Supplied material:
-*-*-
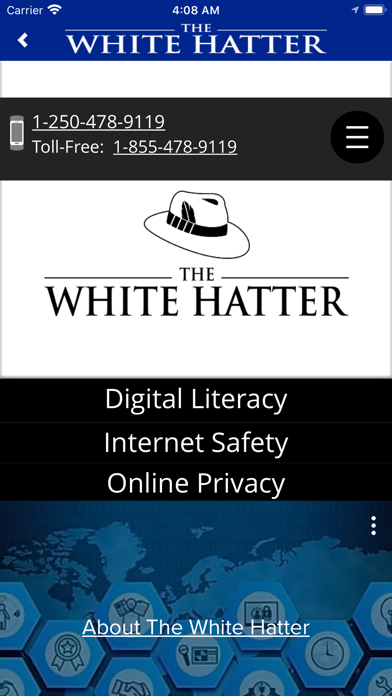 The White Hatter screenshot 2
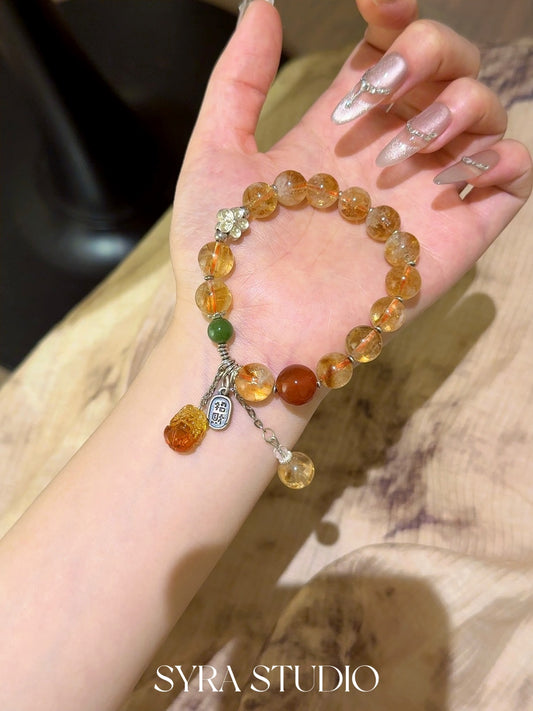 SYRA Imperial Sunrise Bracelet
-*-*-
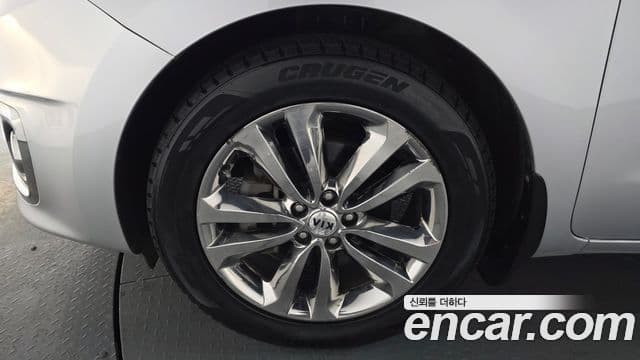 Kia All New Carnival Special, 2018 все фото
-*-*-
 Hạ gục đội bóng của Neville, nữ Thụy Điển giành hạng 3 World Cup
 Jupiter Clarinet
-*-*-
Your task: Would you copy out, exactly and with no pictures, only the lines above from the one that contains "The White Hatter screenshot 2" through the one that contains "SYRA Imperial Sunrise Bracelet"?

Written solution:
 The White Hatter screenshot 2
 SYRA Imperial Sunrise Bracelet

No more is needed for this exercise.